Travel and living expenses for the start-up engineer
Equipment Provided
This plant consists of a process skid and a tower skid, which are assembled in one of our
fabrication shops (either in Bakersfield, California or Houston, Texas). After testing, the skids
are disconnected, export crated and shipped FAS Port of Houston.
The process skid is divided into a heater section, control room/laboratory section and a process
section. The sides and top of the control room/laboratory section are separated from the heater
and process sections by a firewall. A firewall is also on top of the heater section. The process
area is also enclosed by a firewall.
The process section includes a feed pump, naphtha pump, diesel/crude exchanger, reduced
crude/crude exchanger, naphtha accumulator, and all associated piping, valves, insulation,
electrical and instrumentation.
All off-site piping connections are made about 1’6” (0.5 meters) above the concrete foundation
and on one corner of the process skid. The single point electrical connection is made in the
heater end of the process skid. The plant uses about 22 kW of 380 volt, 50 hertz or 480 volt 60
hertz, 3-phase electricity. Other frequencies and voltages can be used if specified prior to
contract execution. The plant can operate in artic conditions of -58 oF (-50 oC) to tropical
conditions.
Delivery is approximately six (6) months after contract execution and completion of funding
arrangements.
The process skid weighs less than 33 tons (30 metric tons) and is 10’-6” (3.2 meters) wide by 45’
(13.7 meters) long with a center height of 14’ (4.3 meters) and a side height of 11’-9” (3.6
meters).

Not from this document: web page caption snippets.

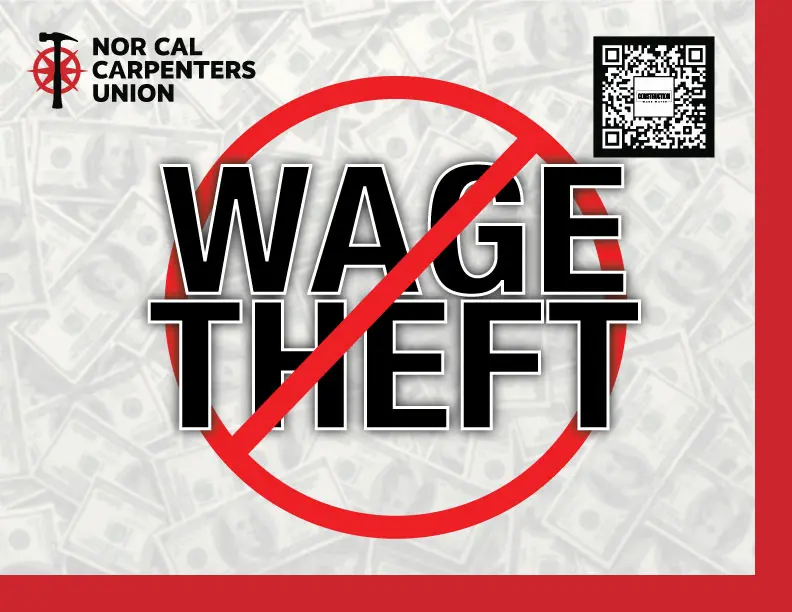 Northern California Sign Protests Wage Theft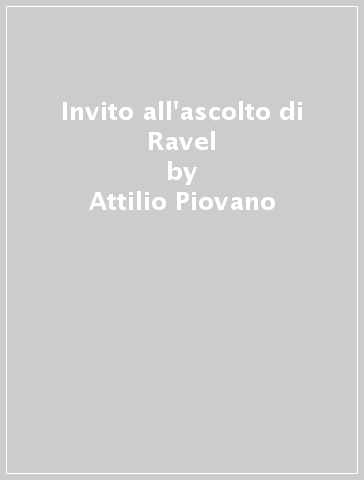 Invito all'ascolto di Ravel - Attilio Piovano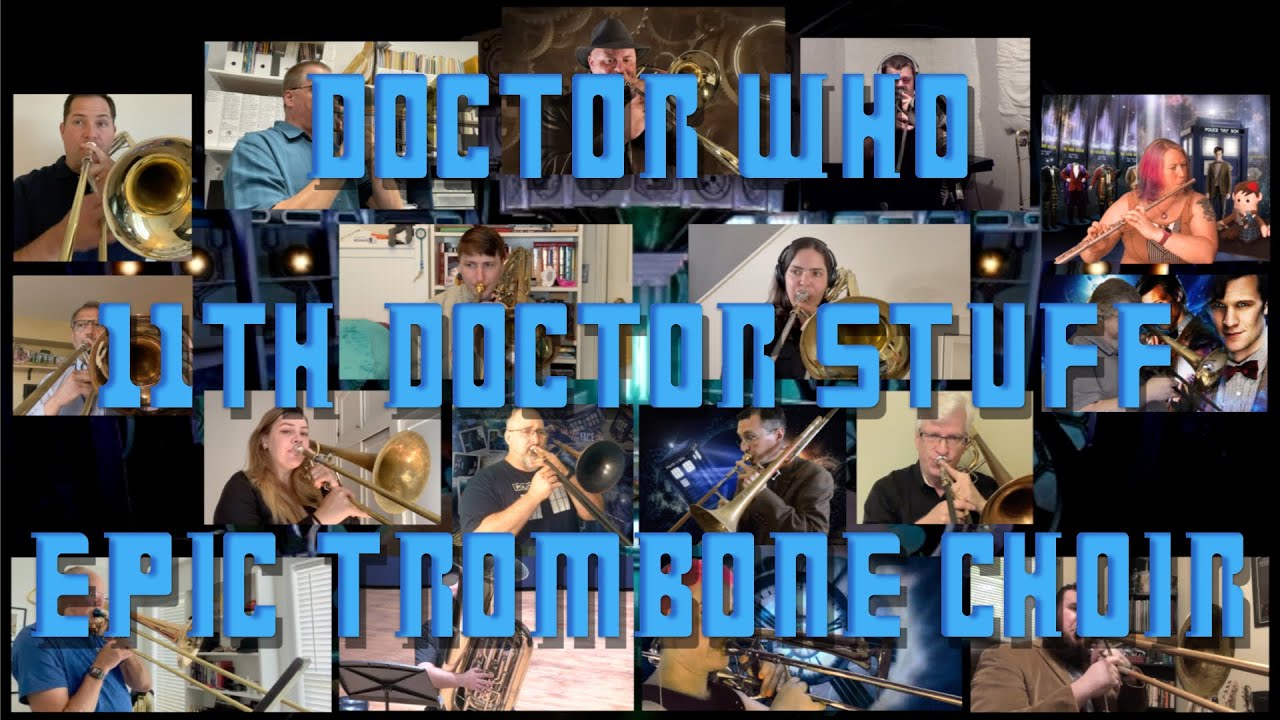 Doctor Who 11th Doctor Stuff - Epic Trombone Choir - YouTube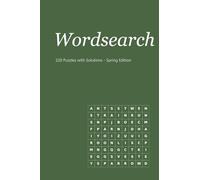 Spring Wordsearch Puzzle Book: 220 Puzzles with Solutions · Pocket Size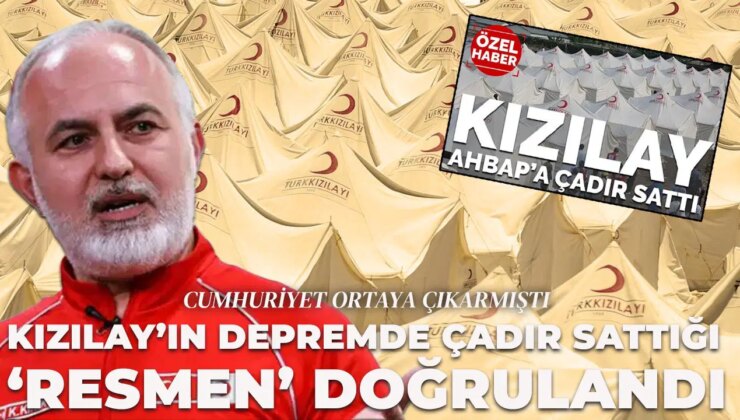Cumhuriyet ortaya çıkarmıştı: Kızılay’ın depremde çadır sattığı resmen doğrulandı!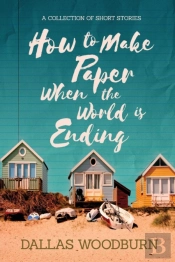 How To Make Paper When The World Is Ending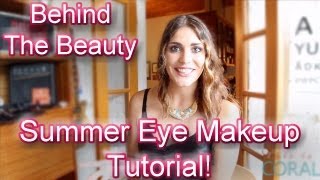 Behind the Beauty: Sexy Summer Eye Makeup Tutorial!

The following sketch shows views of the process skid.
The tower skid includes the tower, stripper and overhead air cooler with associated piping,
electrical, insulation and instrumentation. The tower and associated equipment is supported by
steel beams and is shipped on its side.
The tower skid weighs less than 16.5 tons (15 metric tons) and is 10’-6” (3.2 meters) wide by
11’-9” (3.6 meters) high by 34’-6” (10.5 meters) long. The following sketches show views of
the tower skid.
Upon arrival at the plant site, the process skid is set on a concrete slab at least 11’ (3.4 meters)
wide by 46’ (14 meters) long and is designed for a loading of at least 210 pounds per square foot
(1033 kilograms per square meter).
The tower skid is then lifted and attached on top of the process skid as shown below. Piping and
electrical connections are made between the tower skid and process skid. No welding or special
tools are required. The off-site piping and electrical connections are then made to the process
skid. If the off-sites are complete and a suitable crane is available, the plant should be ready to
start purging and begin start-up within 3 days of arrival.
Plant Operation
Cold crude oil from off-site storage is received at the plant battery limits and is pumped by the
crude charge pump on flow control. The crude oil exchanges heat with the diesel product and
reduced crude product streams.
The crude then flows to the crude heater where it is further heated and partially vaporized. The
crude heater is a direct-fired heater, designed to burn off gas, natural gas or liquid fuel. Constant
heater outlet temperature is maintained automatically by controlling the fuel flow to the heater.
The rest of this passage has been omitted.